I enjoy making my own beer and wine. Beer it seems is more complicated and I consider it somewhat of an art. Wine, is easy in my opinion… like finger-painting. That said, I am obviously not making wine “the right way,” because I don’t add all of those chemicals and crap. I’m quite sure that I am doing it wrong, though to me personally, I only care about how it tastes a year from now.
Wine making for me, usually involves picking the fruit out in the woods. I made a raspberry wine early in July, which is still fermenting. This past Saturday, I picked a bunch of wild grapes along the river. This involved a long bicycle ride on the trails and the lengthy process of removing the stems and sorting out any undesirable things like spiders and bugs.
If you are familiar with the small, wild, purple grapes that grow in Minnesota, they are horribly tart. I have found, however, that by adding honey, I can come up with an absolutely delicious wine!

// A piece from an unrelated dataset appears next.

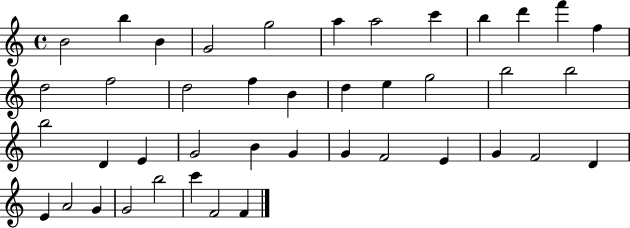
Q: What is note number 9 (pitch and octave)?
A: B5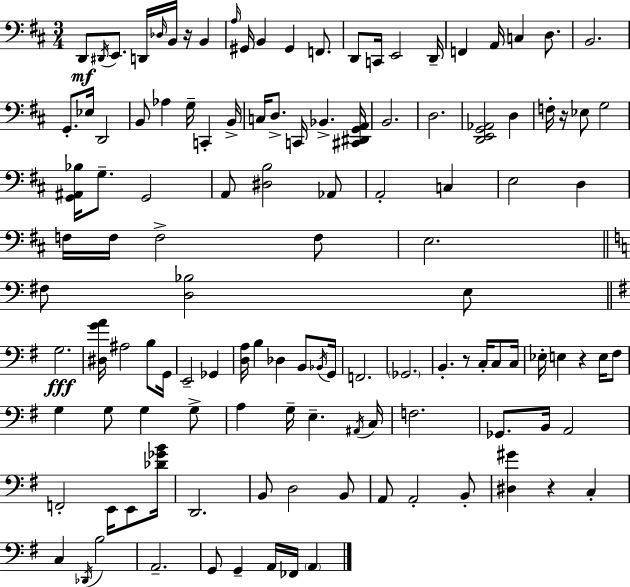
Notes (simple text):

D2/e D#2/s E2/e. D2/s Db3/s B2/s R/s B2/q A3/s G#2/s B2/q G#2/q F2/e. D2/e C2/s E2/h D2/s F2/q A2/s C3/q D3/e. B2/h. G2/e. Eb3/s D2/h B2/e Ab3/q G3/s C2/q B2/s C3/s D3/e. C2/s Bb2/q. [C#2,D#2,G2,A2]/s B2/h. D3/h. [D2,E2,G2,Ab2]/h D3/q F3/s R/s Eb3/e G3/h [G2,A#2,Bb3]/s G3/e. G2/h A2/e [D#3,B3]/h Ab2/e A2/h C3/q E3/h D3/q F3/s F3/s F3/h F3/e E3/h. F#3/e [D3,Bb3]/h E3/e G3/h. [D#3,G4,A4]/s A#3/h B3/e G2/s E2/h Gb2/q [D3,A3]/s B3/q Db3/q B2/e Bb2/s G2/s F2/h. Gb2/h. B2/q. R/e C3/s C3/e C3/s Eb3/s E3/q R/q E3/s F#3/e G3/q G3/e G3/q G3/e A3/q G3/s E3/q. A#2/s C3/s F3/h. Gb2/e. B2/s A2/h F2/h E2/s E2/e [Db4,Gb4,B4]/s D2/h. B2/e D3/h B2/e A2/e A2/h B2/e [D#3,G#4]/q R/q C3/q C3/q Db2/s B3/h A2/h. G2/e G2/q A2/s FES2/s A2/q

After sterilizing, cooking, straining, adding… I finally introduce the key ingredient; the yeast. The yeast quickly wakeup from dormancy and realize that they are in a wonderful “world” full of sugars just waiting for them to eat. As the yeast gorge themselves on the sugars, they begin to “poop” carbon dioxide, and more importantly; alcohol. The CO2 goes through the bubble-lock, and the alcohol begins to turn the mixture into wine that eventually is bottled and aged.
In closing, I would like to remind any wine-snobs who are at this moment looking down on my personal wine making philosophy, process or ingredients; that in the end, we are all just drinking yeast poop.